Symphonie no 1 en do mineur
La Symphonie no 1 en do mineur - parfois appelée par Bruckner das kecke Beserl[2] (essai de traduction : le jeune loup insolent) - a été composée en 1866, mais le manuscrit original n'en a été reconstitué qu'en 1998. Elle est surtout connue sous deux autres versions, la soi-disant Version de Linz, basée principalement sur des révisions rythmiques introduites à Vienne en 1877, et la Version viennoise, une révision complète effectuée en 1891.
Symphonie en ré mineur
La symphonie suivante a été la Symphonie en ré mineur de 1869, la prétendue « Symphonie n° 0 » (Die Nullte), une œuvre si durement critiquée que Bruckner l'a complètement rejetée. Elle n'a pas été exécutée au cours de la vie du compositeur.
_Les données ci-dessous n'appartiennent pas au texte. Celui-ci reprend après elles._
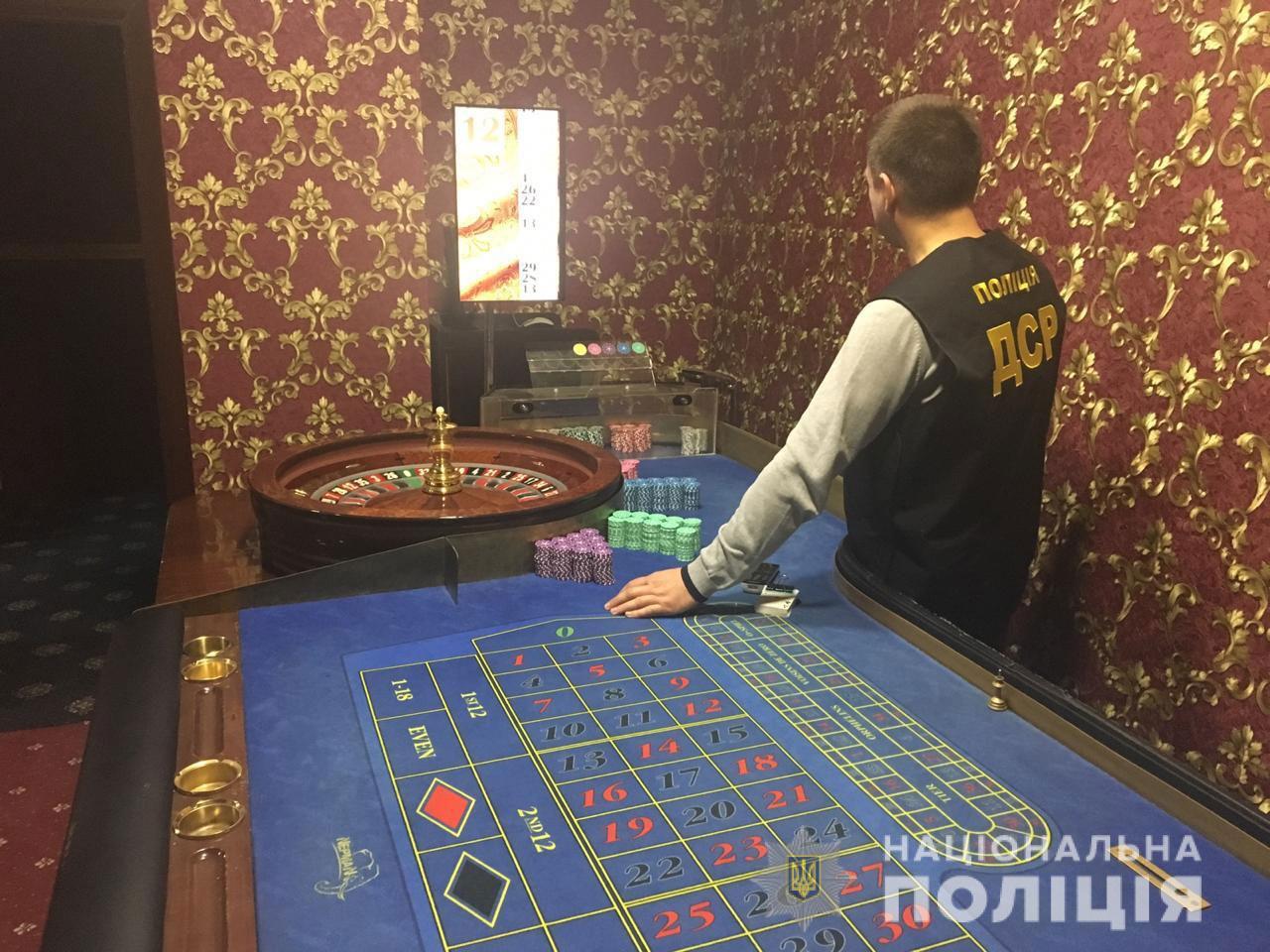 игорный бизнес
Symphonie en si bémol majeur
La tentative suivante a été une esquisse du premier mouvement d'une symphonie en si bémol majeur, qui a été abandonnée par la suite. Il existe un enregistrement commercial de cette esquisse : Ricardo Luna, Bruckner unknown, CD Preiser Records PR 91250, 2013[3].
Période viennoise
Symphonie no 2 en do mineur
La Symphonie no 2 en do mineur de 1872 a été révisé en 1873, 1876, 1877 et 1892. Elle est parfois appelée « la Symphonie des Pauses » pour son utilisation de pauses dramatiques de l'ensemble de l'orchestre, qui accentuent la structure de l'œuvre. Dans l'édition Carragan de la version 1872, le Scherzo est placée en deuxième position et l'Adagio en troisième position. Elle est dans la même tonalité que la Symphonie no 1[4].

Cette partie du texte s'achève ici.